The comments of David Ipp, QC, come amid a sensational ICAC inquiry into the Liberal Party’s alleged laundering of illicit campaign finance by routing cheques via Canberra, where there is no dedicated corruption-busting agency.
“It is so screamingly obvious that there is a breakdown in trust at the moment and that the only way of maintaining trust or recovering the trust is to demonstrate that there are adequate means of discovering corruption so that the public can be confident that what the government is doing is not tainted by dishonest behaviour,” Mr Ipp told ABC-TV’s Four Corners.
An investigation by the program has obtained a copy of the former Rudd-Gillard government’s “National Anti-Corruption Plan 2013″, prepared by senior officers of the Department of Attorney-General.
The plan aimed to establish a new integrity regime for the vast Commonwealth public service, under which civil servants would be required to report any suspected corruption, but it fell dramatically short of the kind of measures Mr Ipp has said is required.
Critically, it envisaged no new oversight of federal politicians.
Australia is co-chair, with Italy, of the G20’s Anti-Corruption Working Group whose reports will be considered by senior G20 officials on Monday and Tuesday, but the government has yet to announce any federal mechanism by which corruption might be investigated and exposed.

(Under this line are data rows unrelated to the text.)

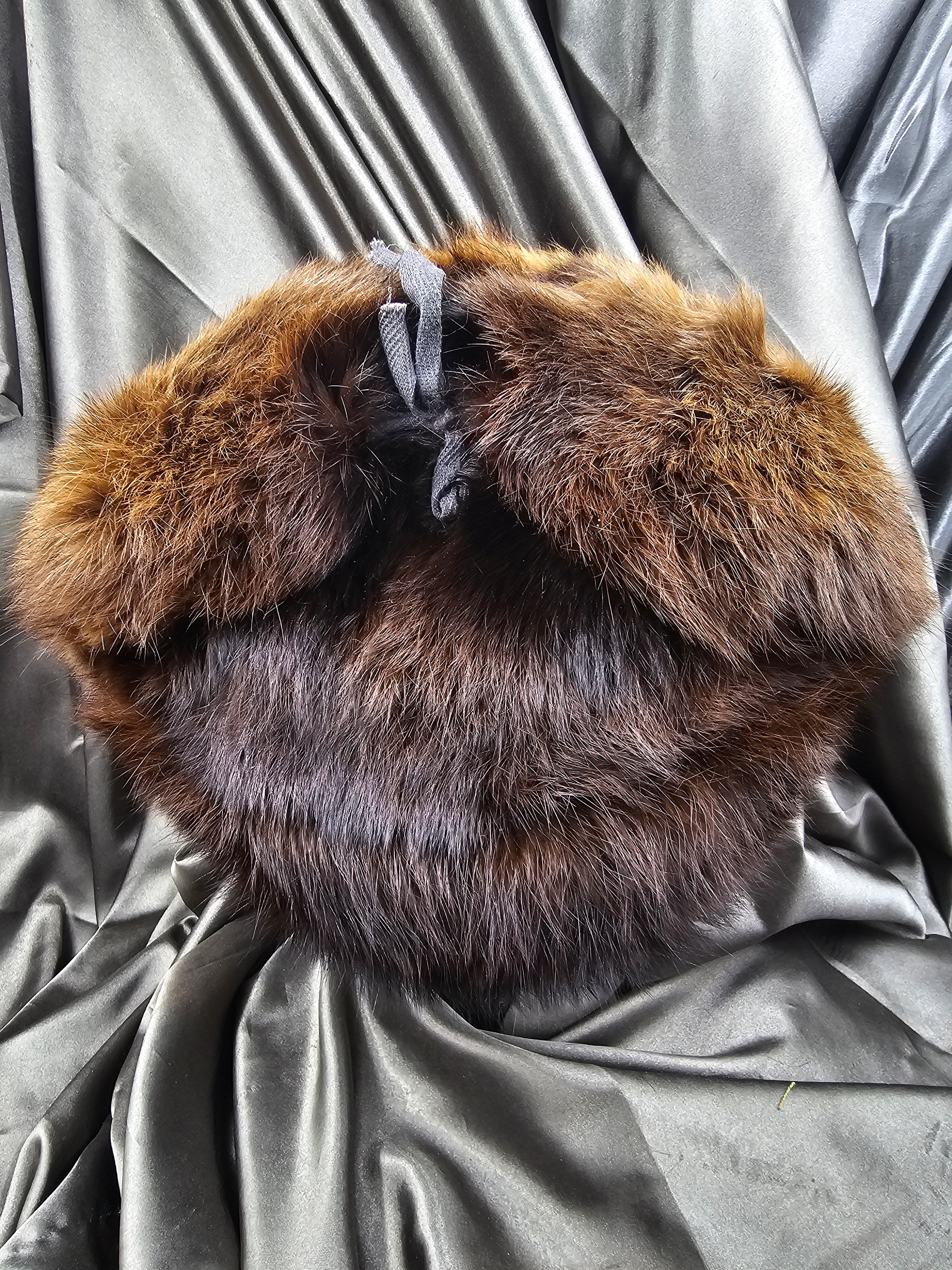 FALL OF BERLIN WALL ERA SENIOR ARMY OFFICER FUR USHANKA — image 4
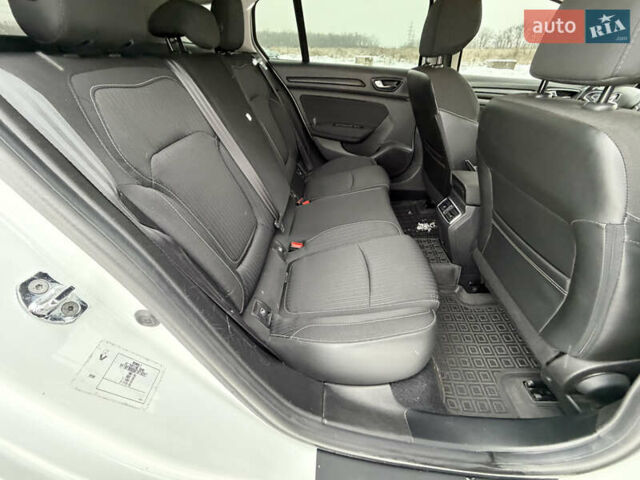 Білий Рено Меган, об'ємом двигуна 1.5 л та пробігом 245 тис. км за 12999 $, фото 65 на Automoto.ua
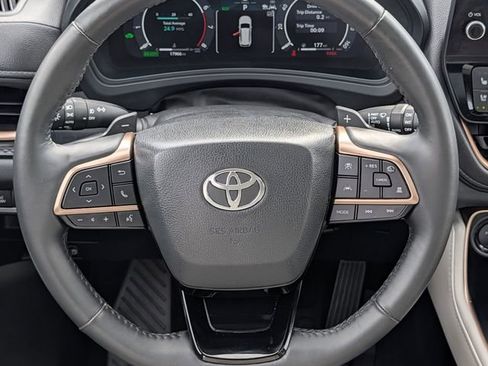 Used 2024 Toyota Grand Highlander MAX Limited image 13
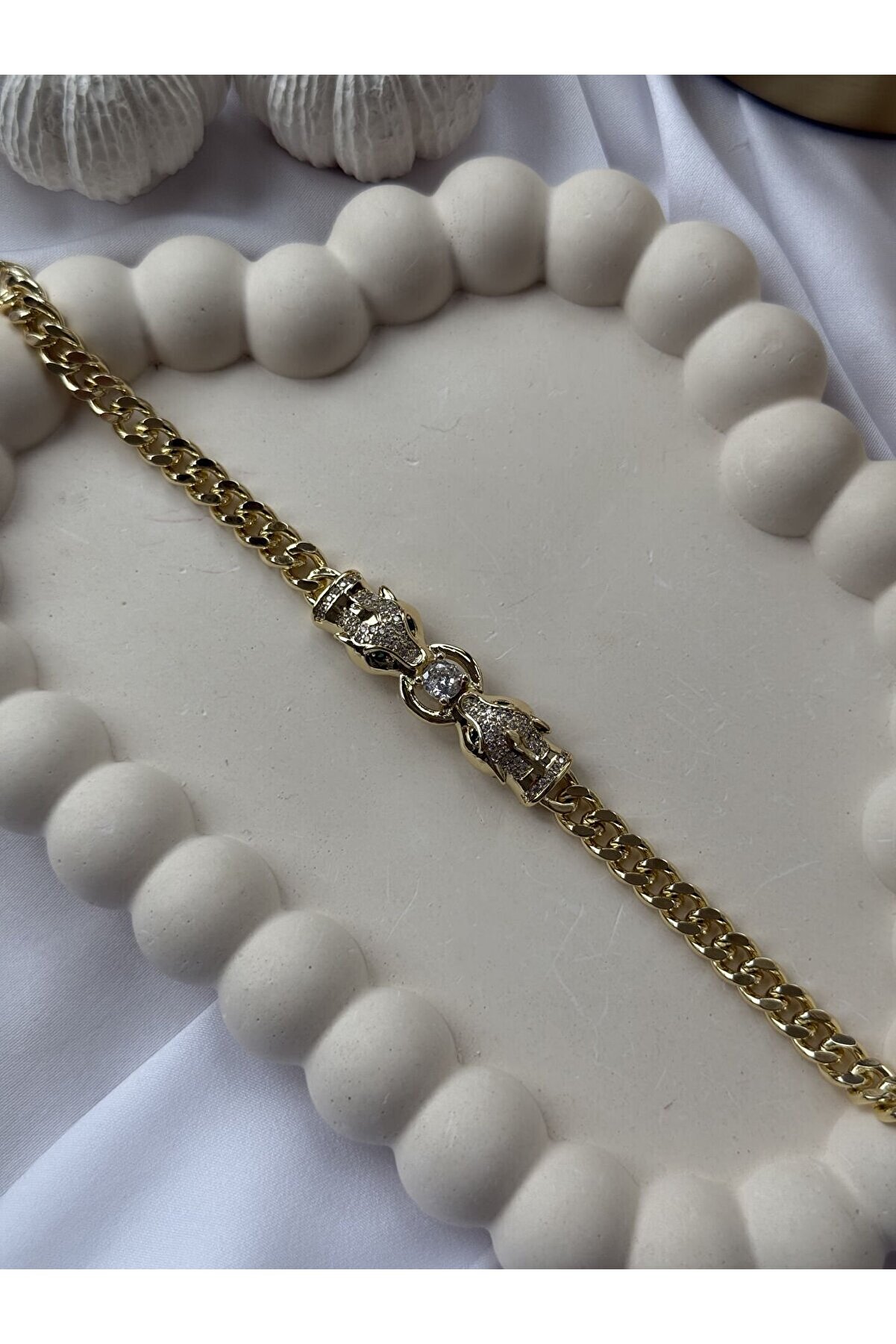 Ateli̇er Emi̇ne Kurt Fi̇gürlü Tasarım Bi̇lekli̇k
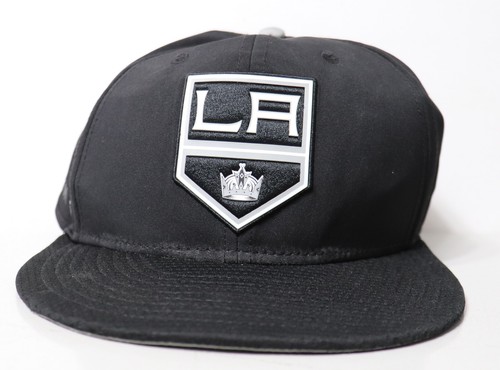 Cappello aderente Los Angeles Kings LA NHL Fanatics nero logo autentico Pro taglia 7 - Foto 1 di 7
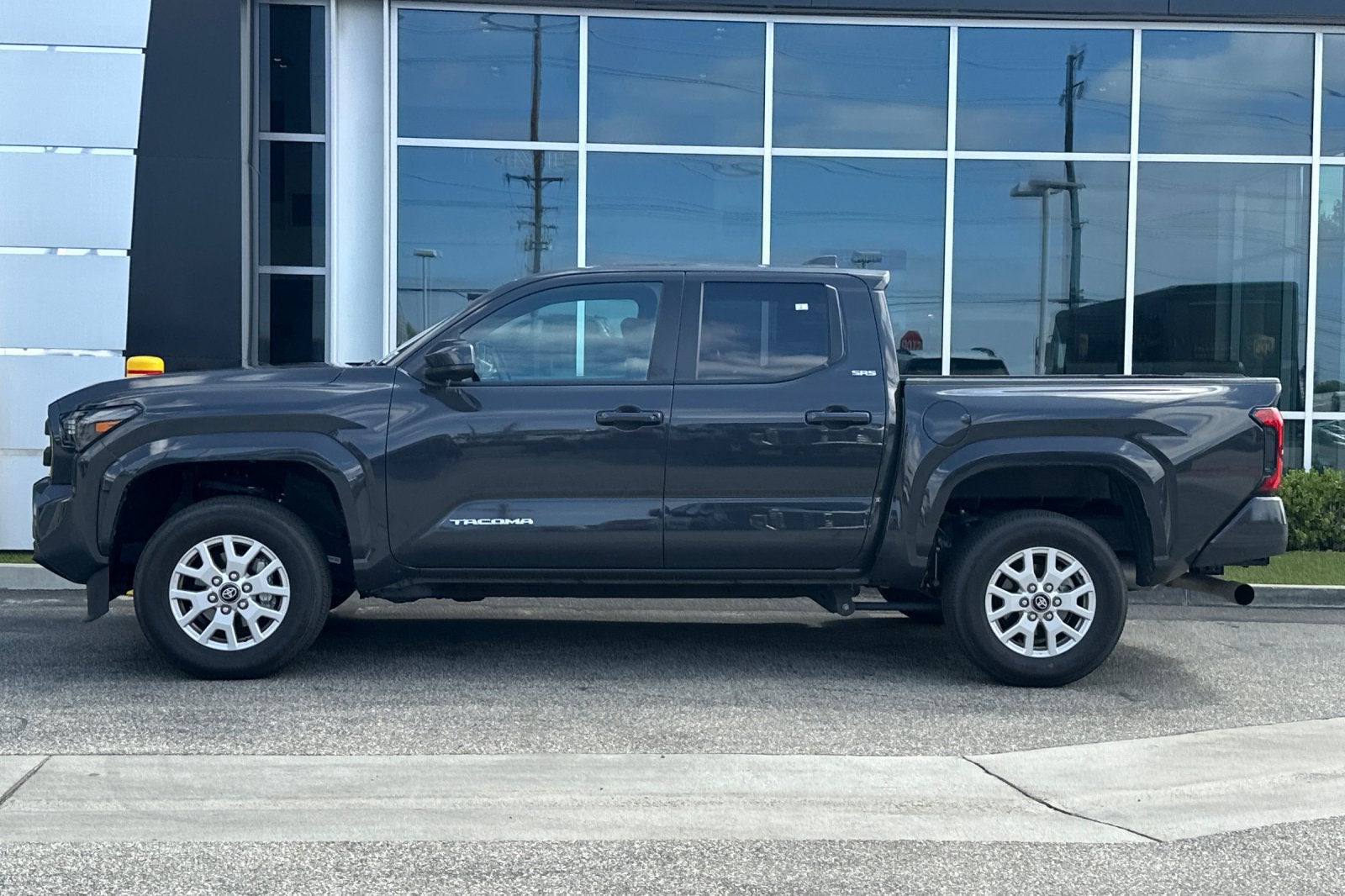 2025 Toyota Tacoma 4WD SR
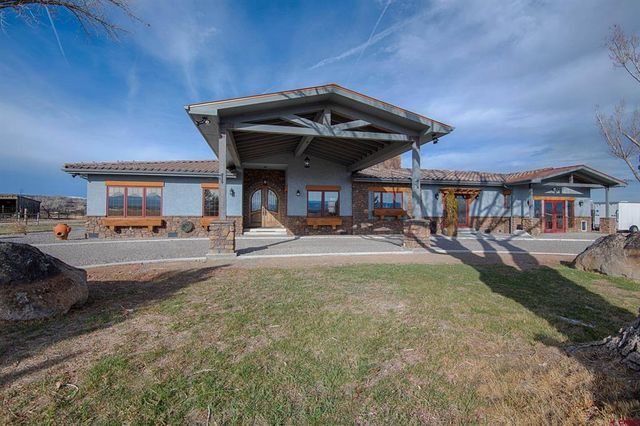 17455 6450th Rd, Montrose, CO 81403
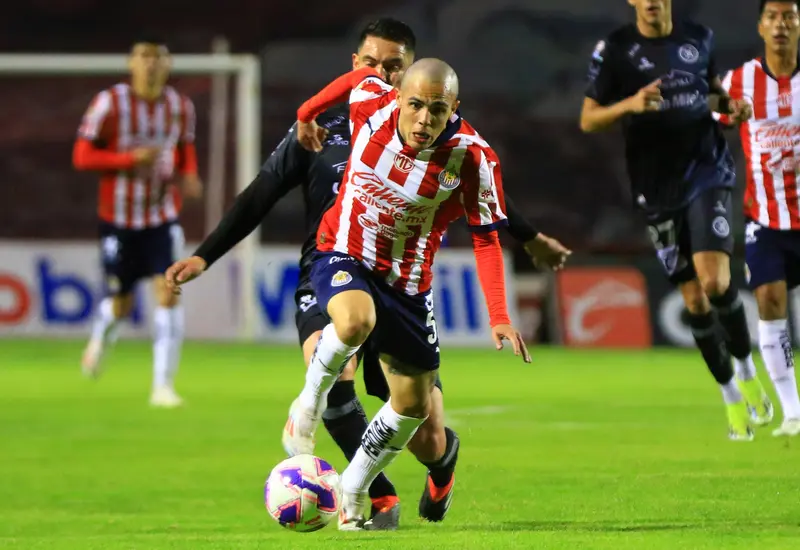 El equipo de Chivas, conocido como el Rebaño, apuesta por el talento de jugadores jóvenes que cuentan con doble nacionalidad mexicoamericana.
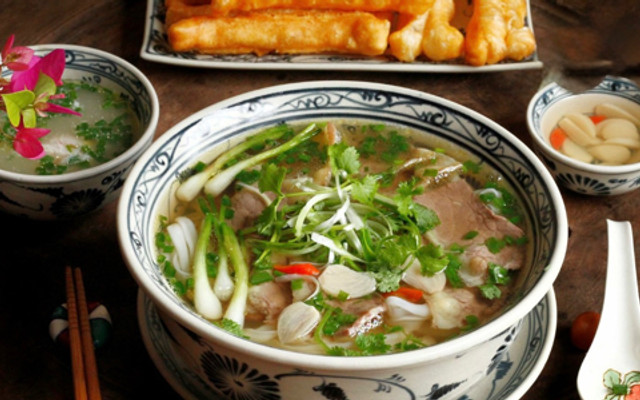 QUÁN QUEN - Phở & Bún - Nguyễn Văn Cừ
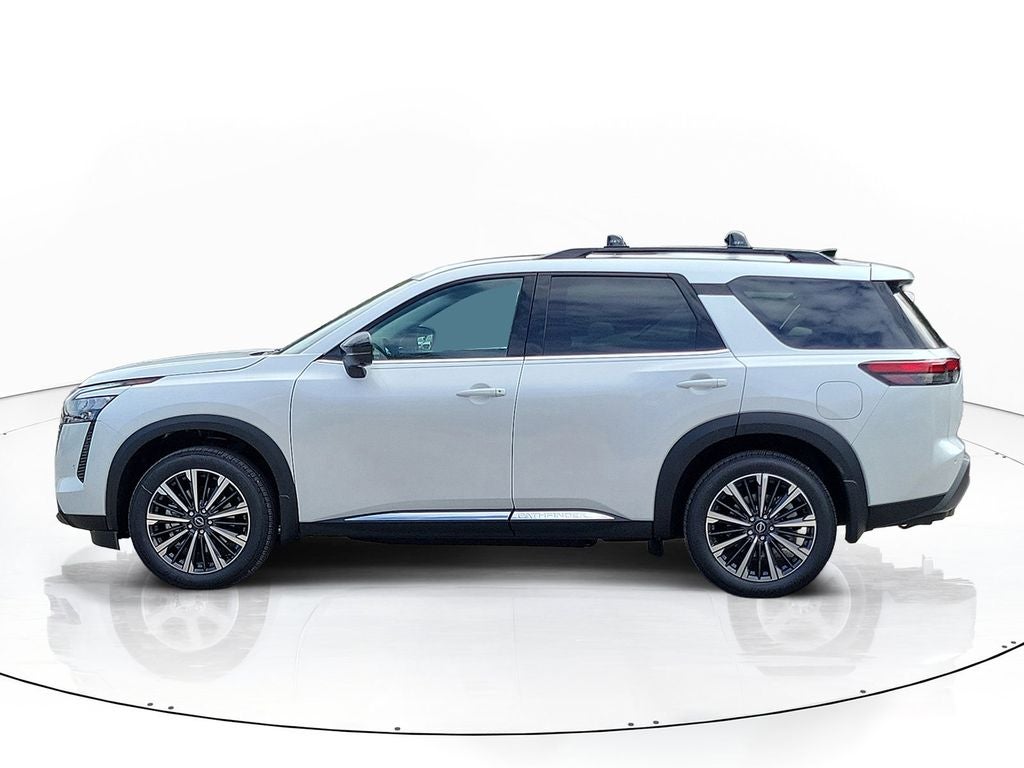 2026 Nissan Pathfinder Platinum Captain Chairs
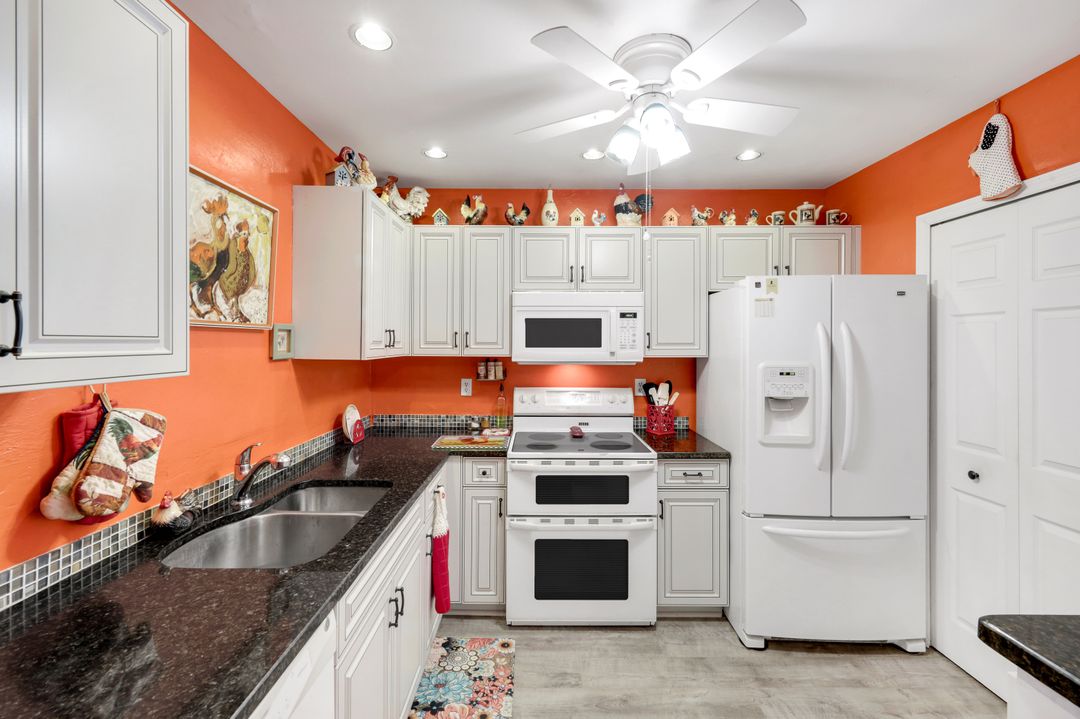954 Jolly Rd, North Fort Myers, FL 33903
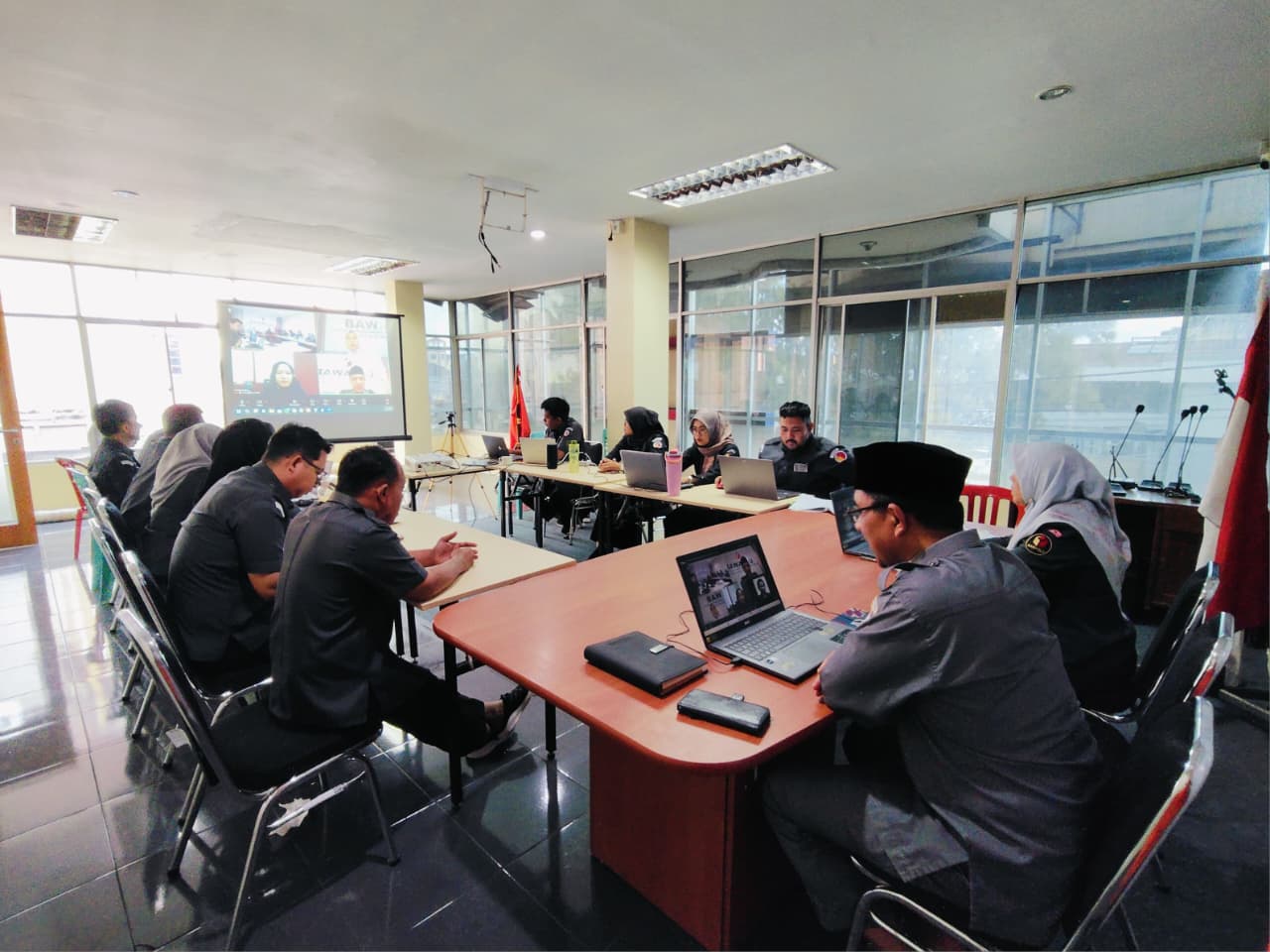 rapat 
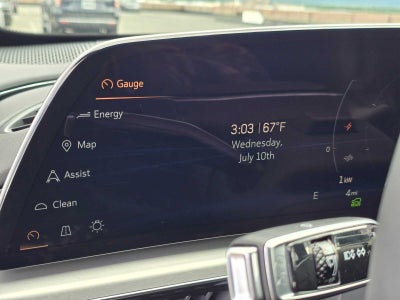 2024 Cadillac LYRIQ Sport 2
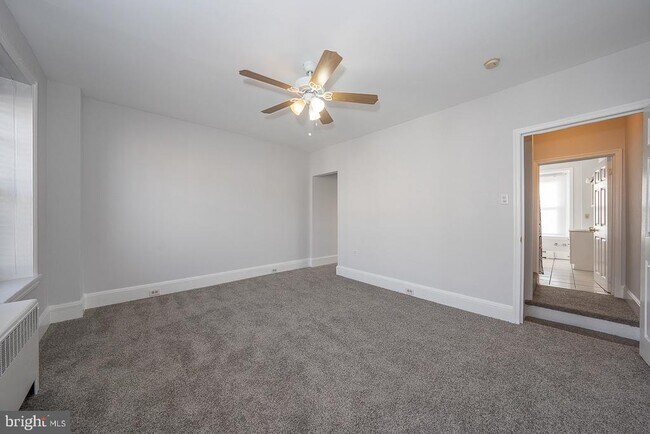 Building Photo - 217 Dupont St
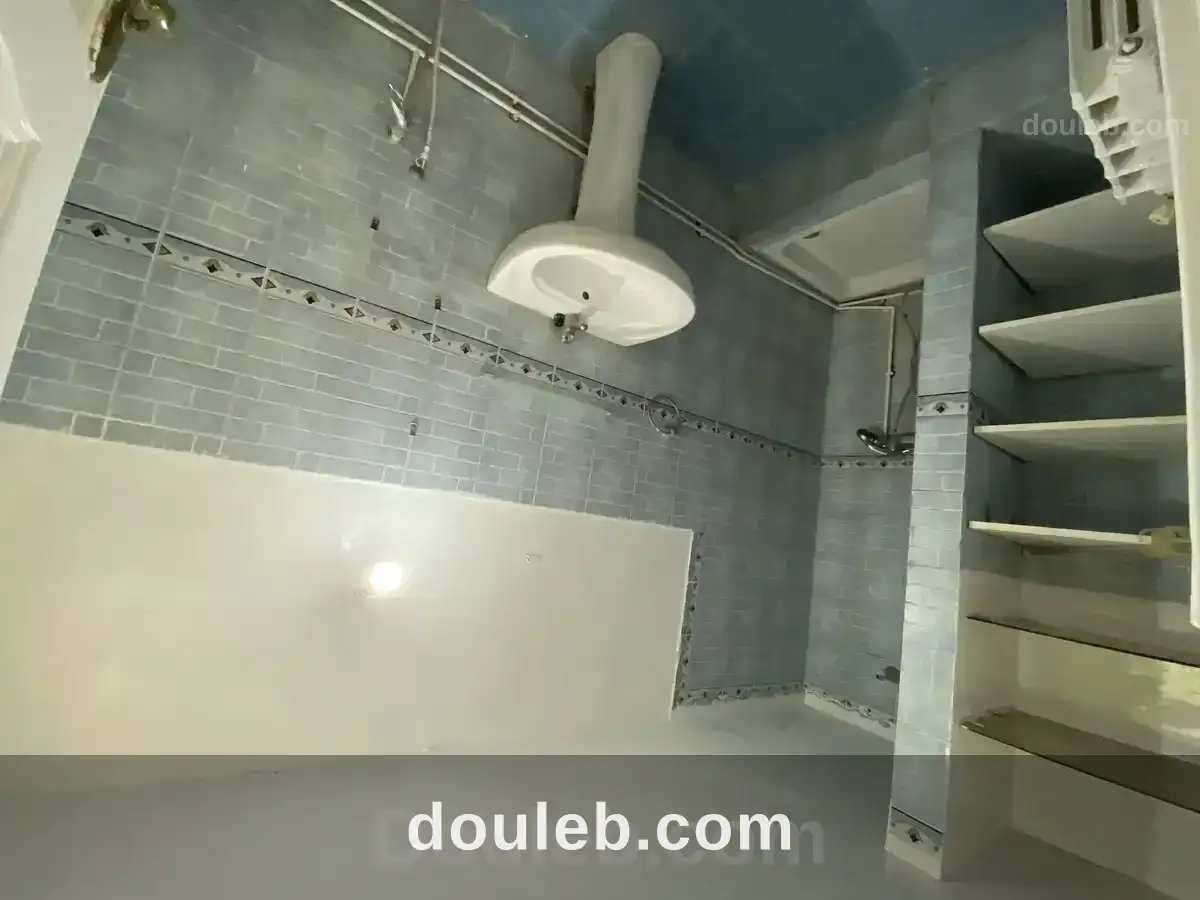 Joli studio pour jeunes filles uniquement ennasser - Miniature 4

Mr Ipp said the establishment of a federal anti-graft commission ”is very important”.
”There is no reason to believe that the persons who occupy seats in the Federal Parliament are inherently better than those who occupy seats in the NSW Parliament.
“Corruption is endemic to the human being. That is, when the opportunities are there, when there is no policing, there are some people who will get involved in that.”
But Mr Ipp acknowledged the creation of such an agency was unlikely.